Photo: Chen Chia-yi, Taipei Times
Taiwan’s carbon fee scheme would apply to 281 electric utility companies, natural gas suppliers and manufacturers who accounted for 54 percent of the nation’s total carbon emissions per year, officials said.
The criteria for paying carbon fees is ownership of an industrial facility that emits at least 25,000 tonnes of carbon a year, of which there are 500, they said.
The data are based on a 2002 industrial survey, the officials said.
The fifth carbon fee assessment and evaluation conference is to convene on Sept. 9 to set carbon rates and formalize a timetable by the end of the year, Minister of Environment Peng Chi-ming (彭啟明) said.
Companies are expected to submit emission reports starting in May next year and payments would commence the following year, he said.
The tentative schedule is designed to give enterprises sufficient time to set corporate emission reduction targets for 2030 and submit action plans to achieve that goal to the government, Peng said.
Climate Change Administration Director-General Tsai Ling-yi (蔡玲儀) said that 10 government-business conferences would be held to facilitate the adoption of reduction strategies and technologies.

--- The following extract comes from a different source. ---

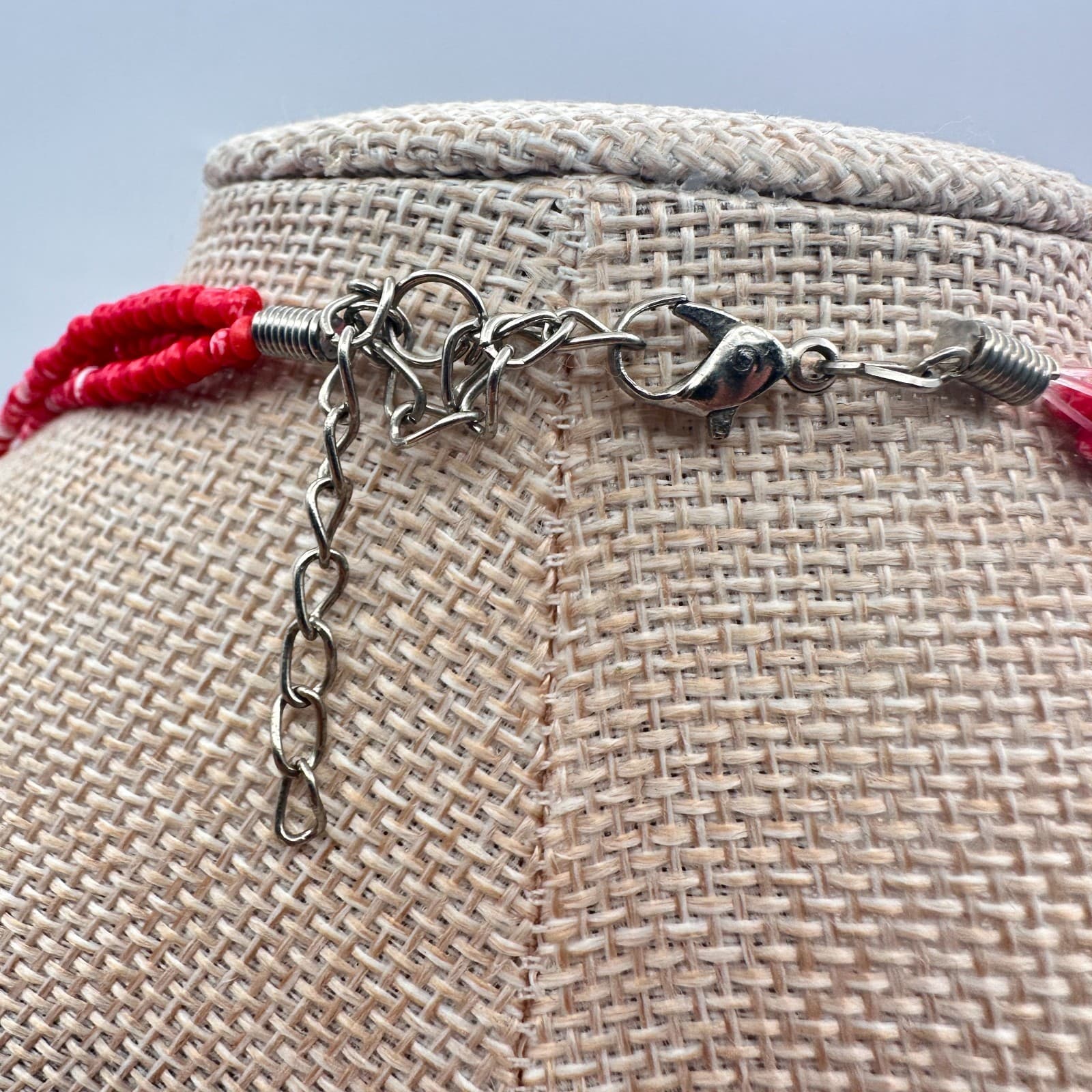 Vintage Y2K Silver Tone Multi Strand Red Seed Pink Glass Beaded Necklace Jewelry - Thumbnail 8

Carbon fee payers may buy domestic carbon credits from voluntary reduction projects at a discount of one carbon credit for 1.2 tonnes of emissions capped at 10 percent of chargeable emissions, ministry officials said.
Enterprises not engaged in high-emission activities would be allowed to buy domestic or approved international carbon credits at a discount of one carbon credit for 1.3 tonnes of emission capped at 5 percent of chargeable emissions, they said.
Meanwhile, Taiwan Carbon Solution Exchange (TCX) chief executive officer Joshua Tien (田建中) said Taiwan’s domestic carbon credit exchange platform would launch on Oct. 2.
Tien told a forum on Wednesday that the TCX had been engaged in discussions with the ministry over the details of domestic carbon credit trading since related regulations came into effect on Aug. 15.
As a carbon fee scheme has yet to begin, the trading platform would mainly be for those planning to build new factories, he said.
Regulations announced in October last year require those setting up new factories of a particular scale and developers of high-rise construction projects to partly offset newly generated emissions by buying carbon credits from voluntary projects or implementing other offsetting measures.
Carbon credits generated from offsetting projects would be able to be sold on the platform first to buyers seeking to meet environment assessment requirements, such as construction and development projects, Tien said.
He said domestic carbon credits could be used to partly offset soon-to-be-collected carbon fees, adding that purchasing carbon credits would be better for corporate image than simply paying the fees.
Chargeable emissions would be calculated from the date the carbon fee rate is officially announced.